くじら図書館 いつかの読書日記

本の中 ふしぎな世界待っている

「さよならクリームソーダ」額賀澪

2016-06-21 20:36:27 | 文芸・エンターテイメント
 登場人物たちが、それまで受け入れることのできなかったことを認める物語だと思いました。
 額賀澪「さよならクリームソーダ」(文藝春秋)。
 舞台は花房美術大学。油絵を学ぶ友親は同じ寮に住む若菜先輩(男)と親しくなります。母親の再婚がらみで仕送りを断っている友親に、彼はかなりの大金を貸してくれます。
 ひょうひょうとしている割りにはクールで秘密主義、モテるけど特定の相手は聞かず、そのくせ好意を利用する若菜先輩。

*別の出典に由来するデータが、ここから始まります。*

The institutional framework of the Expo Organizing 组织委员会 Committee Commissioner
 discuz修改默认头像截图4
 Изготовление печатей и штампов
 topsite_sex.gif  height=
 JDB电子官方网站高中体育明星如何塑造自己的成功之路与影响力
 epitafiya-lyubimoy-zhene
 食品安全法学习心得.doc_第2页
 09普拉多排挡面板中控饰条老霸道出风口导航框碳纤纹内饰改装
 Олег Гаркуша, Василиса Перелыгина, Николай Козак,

彼のおすすめの喫茶店で白いクリームソーダを見かけ、注文してみるのですが、届いたのは違うもの。
 実はこのクリームソーダ、若菜先輩の思い出が詰まっており、お店で特別に作ってもらっているのだとか。
 先輩のことを探るように強要する女子大生の恭子ちゃん、個性的な先輩方(和尚先輩、バーナビー先輩、小夜子先輩など)、友人の有馬、義理の姉とのエピソードが積み重ねられて、素敵な青春小説になっています。しかも、舞台は寮生活ですからね。
 挿話として語られる「ヨシキ」との日々が、尾崎の曲と重ね合わされて胸に迫ります。わたしは尾崎苦手なんですけどね。でも、若菜先輩が尾崎を口ずさむ理由はすごくわかります。
 若菜先輩の絵のモチーフには、たびたび「ヨシキ」が選ばれますが、彼にとっては「似てるのに、違う気がする」のです。
 おそらくクリームソーダも、ヨシキが作ってくれたものとは「似てるのに、違う気がする」のではないでしょうか。だけど、それを受け入れられるようになる。
 若菜先輩の家族も彼の思いを汲んで自立を許し、友親は母の再婚を肯定します。
 ひりひりとした切なさで描かれる日々が、さわやかで美しいです。